Provided data Start Marker
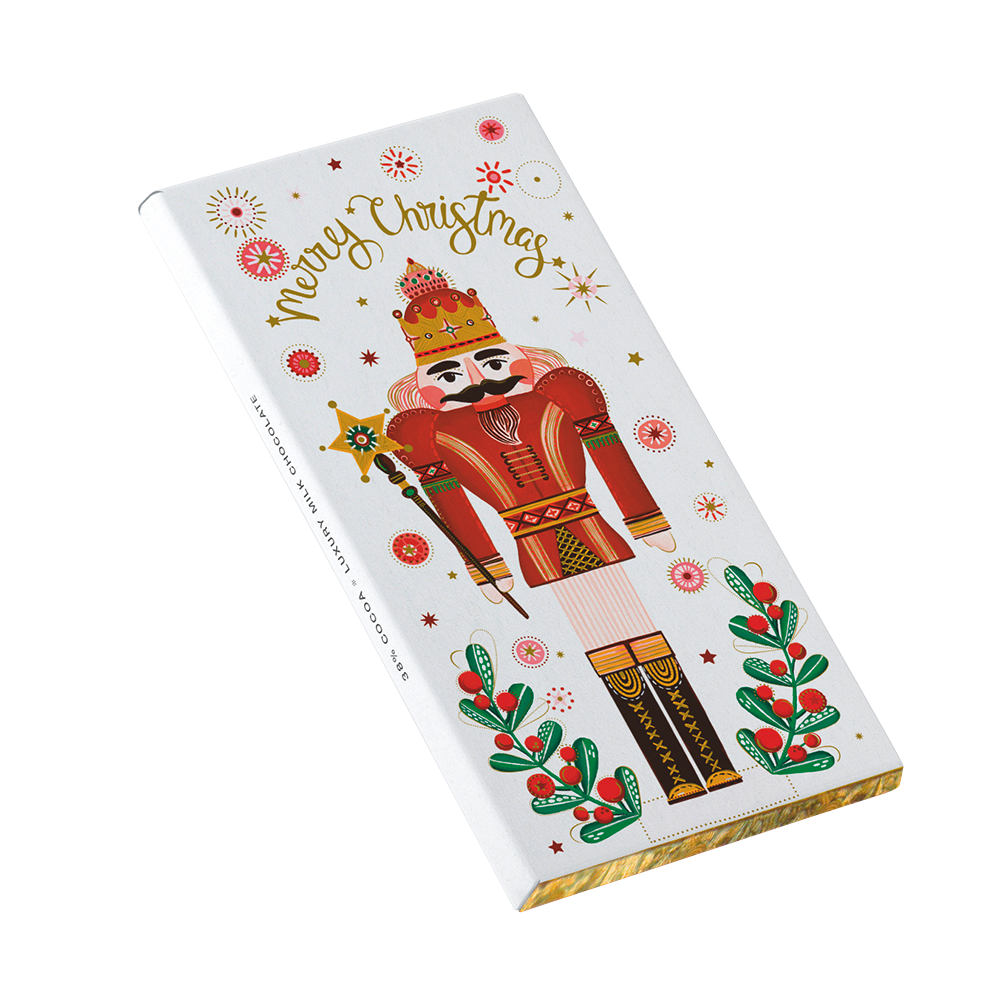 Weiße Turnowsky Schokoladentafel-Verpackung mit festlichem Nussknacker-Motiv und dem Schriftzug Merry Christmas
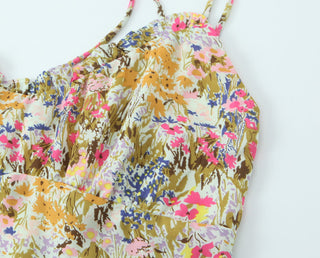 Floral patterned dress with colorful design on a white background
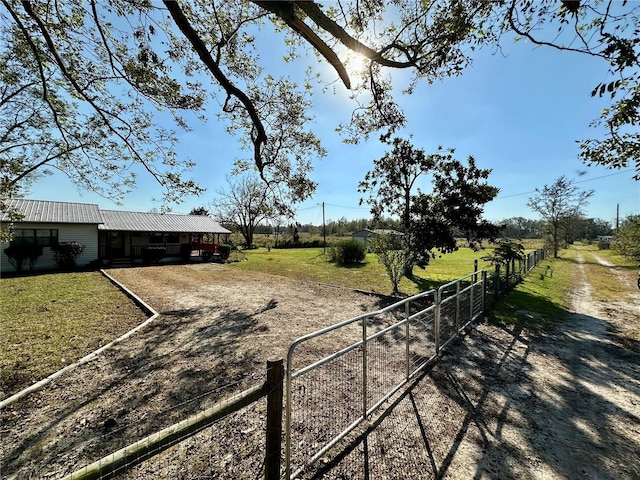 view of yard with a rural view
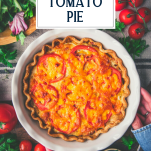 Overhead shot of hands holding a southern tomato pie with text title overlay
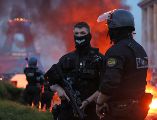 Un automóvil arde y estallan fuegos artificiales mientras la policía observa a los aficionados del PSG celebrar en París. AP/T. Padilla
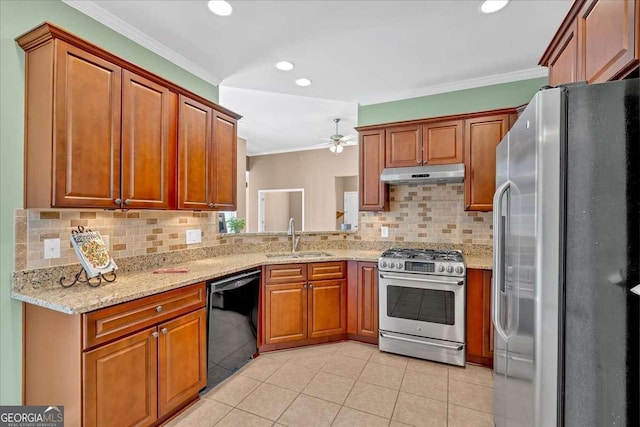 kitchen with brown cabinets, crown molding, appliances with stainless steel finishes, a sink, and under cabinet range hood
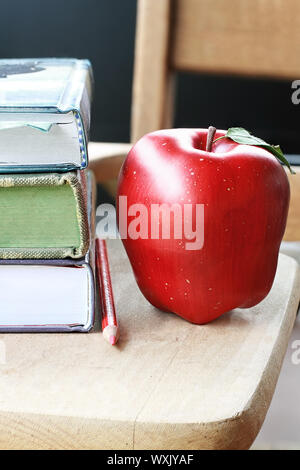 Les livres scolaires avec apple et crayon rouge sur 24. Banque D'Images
Provided data End Marker
Provided data Start Marker
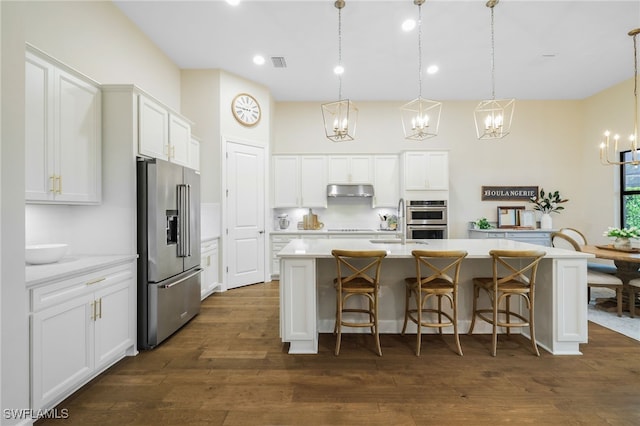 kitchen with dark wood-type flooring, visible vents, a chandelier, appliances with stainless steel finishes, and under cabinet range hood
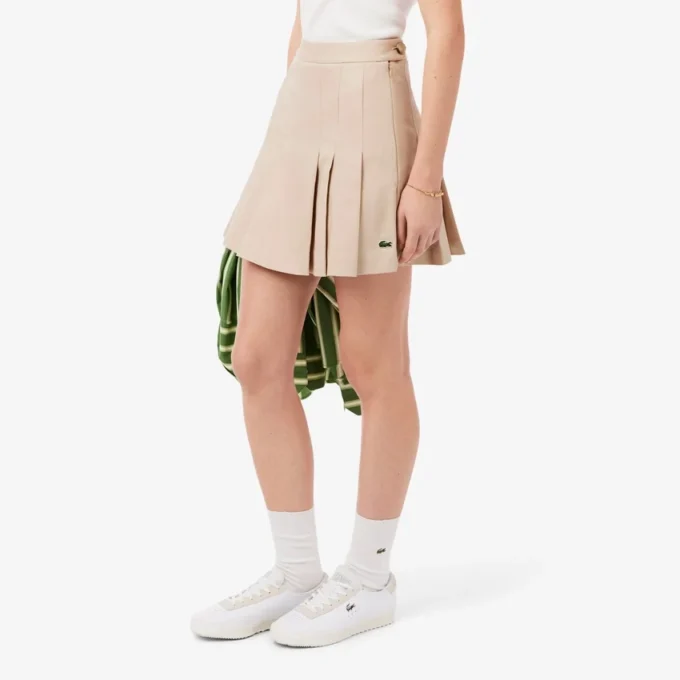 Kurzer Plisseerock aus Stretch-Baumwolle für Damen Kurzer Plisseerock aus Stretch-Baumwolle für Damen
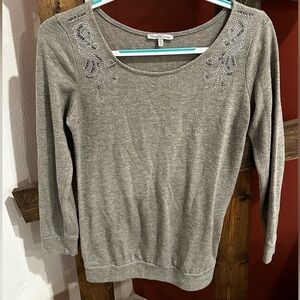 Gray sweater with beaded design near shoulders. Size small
Provided data End Marker
Provided data Start Marker
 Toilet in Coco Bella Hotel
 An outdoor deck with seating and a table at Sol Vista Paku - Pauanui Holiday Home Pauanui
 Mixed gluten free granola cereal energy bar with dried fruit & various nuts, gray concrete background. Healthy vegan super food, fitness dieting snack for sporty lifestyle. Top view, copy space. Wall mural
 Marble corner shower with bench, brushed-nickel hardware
Provided data End Marker
**Description of the task**
From the line holding "Weiße Turnowsky Schokoladentafel-Verpackung" to the line holding "Les livres scolaires", both included, retype the entries above exactly and drop the pictures.

**Output for this exercise**
 Weiße Turnowsky Schokoladentafel-Verpackung mit festlichem Nussknacker-Motiv und dem Schriftzug Merry Christmas
 Floral patterned dress with colorful design on a white background
 view of yard with a rural view
 Overhead shot of hands holding a southern tomato pie with text title overlay
 Un automóvil arde y estallan fuegos artificiales mientras la policía observa a los aficionados del PSG celebrar en París. AP/T. Padilla
 kitchen with brown cabinets, crown molding, appliances with stainless steel finishes, a sink, and under cabinet range hood
 Les livres scolaires avec apple et crayon rouge sur 24. Banque D'Images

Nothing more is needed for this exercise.